Step 2: Generating Events for nux

Lua scripts for nux have a send helper to send events to nux. It also expects 3 functions:

  • init to setup variables/shared state
  • on_line triggered for each input line, in our case, a JSON object per line with the SMART data for each drive
    • this function can aggregate data
  • finish used to compute the summary

You can see the full documentation for nux-analyze in the repo.

One thing to know before diving into the script is that ATA (traditional HDD/SSD) and NVMe drives expose different health data. The script handles both.
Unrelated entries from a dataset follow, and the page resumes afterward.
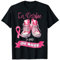 Ruban De Combat Contre Le Cancer Du Sein Octobre Basket Rose T-Shirt
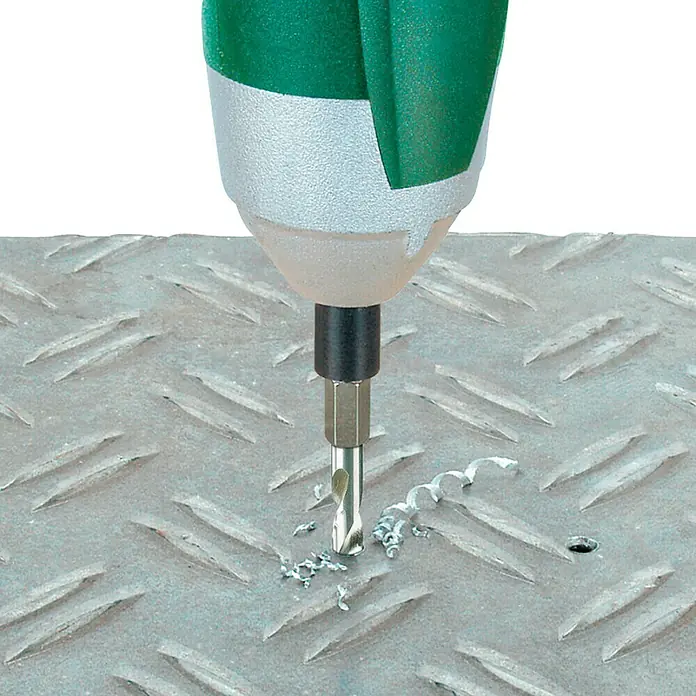 Craftomat Broca para metal - Diámetro: 5 mm - Producto en uso
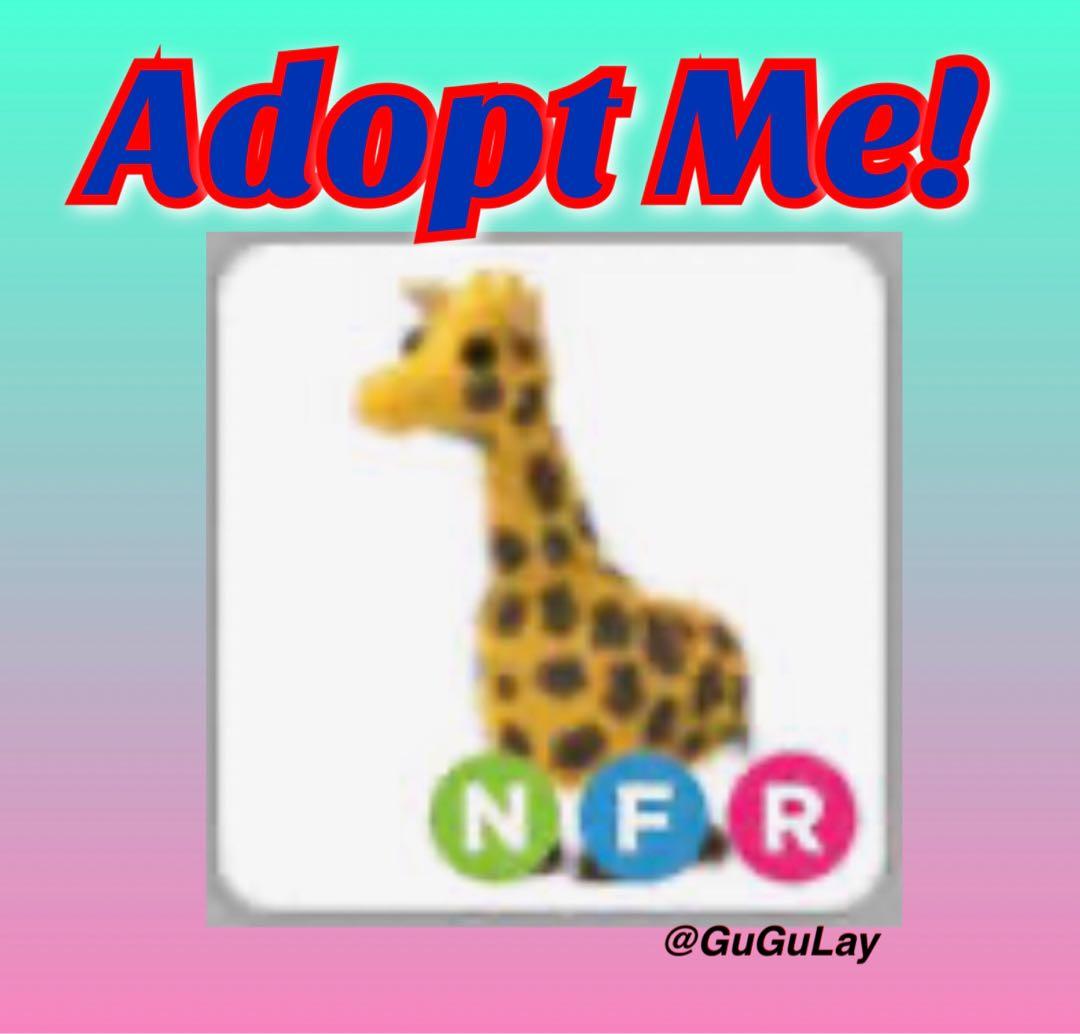 Giraffe Nfr Toys Games Video Gaming In Game Products On Carousell - roblox game pets giraff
For NVMe, the important bit is percentage_used, a field that represents the estimated consumed lifespan of the drive.

For ATA attributes, I relied on Backblaze’s analysis and picked the ones they found most predictive of failures: reallocated sectors, uncorrectable errors, pending sectors, and a few others.

Also, one gotcha worth knowing: the raw value for attribute 194 (temperature) on some drives packs historical min/max into the high bytes, so you need to mask it (raw % 256) (extracting the last byte) to get the actual current temperature. In my initial testing I got crazy-high values before figuring this out.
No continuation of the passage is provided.